**Problem to work on**
Transcribe the data as written, minus images.

**Material provided**
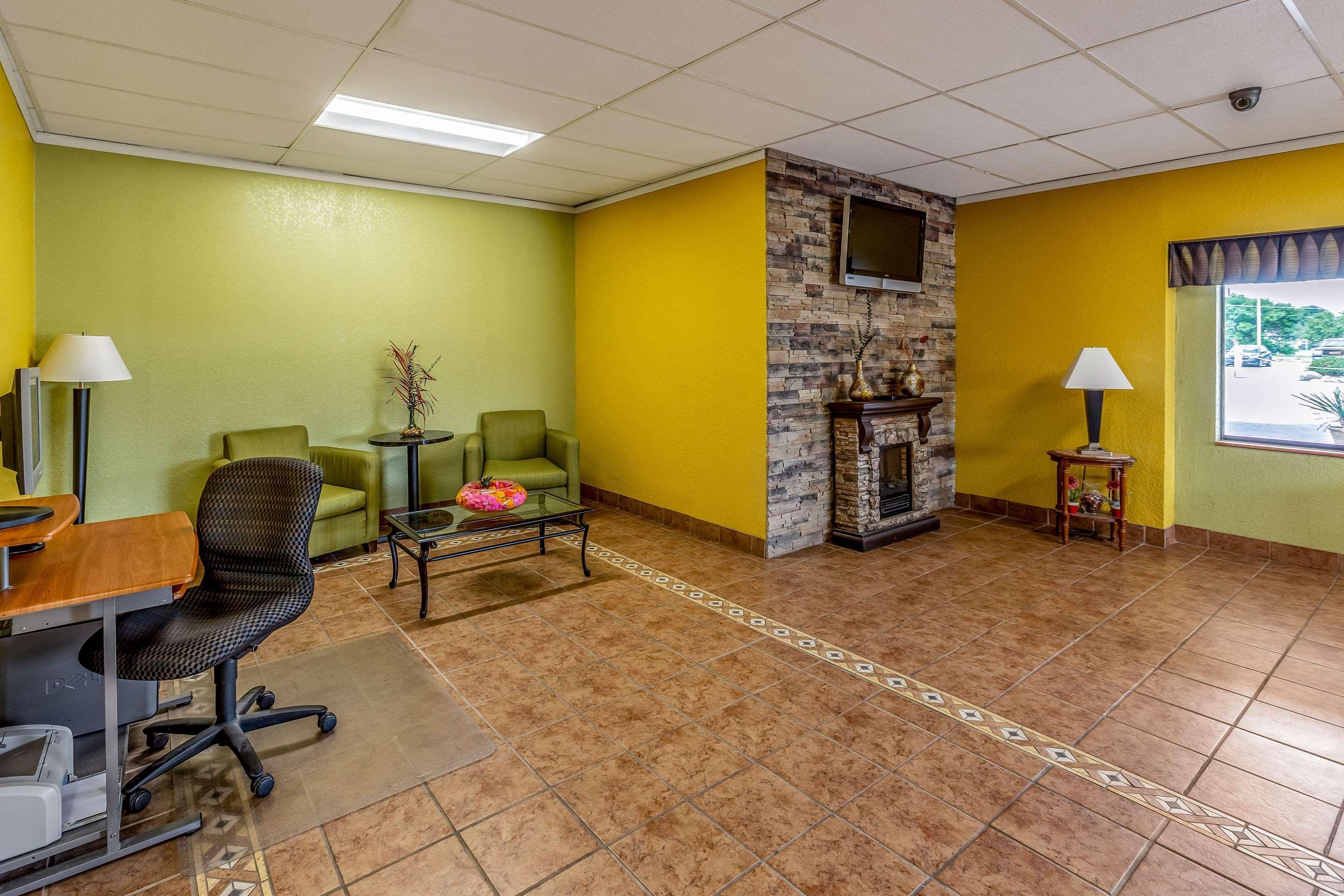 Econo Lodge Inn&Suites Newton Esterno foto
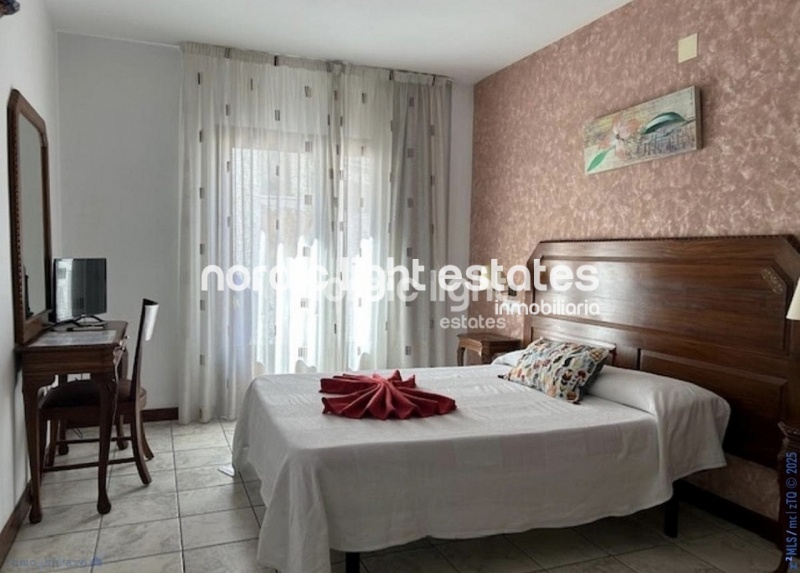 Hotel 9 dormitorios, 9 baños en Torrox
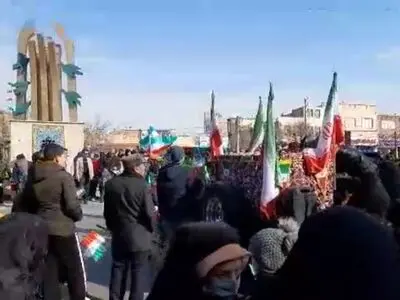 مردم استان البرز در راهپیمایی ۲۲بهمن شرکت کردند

**Answer for this exercise**
 Econo Lodge Inn&Suites Newton Esterno foto
 Hotel 9 dormitorios, 9 baños en Torrox
 مردم استان البرز در راهپیمایی ۲۲بهمن شرکت کردند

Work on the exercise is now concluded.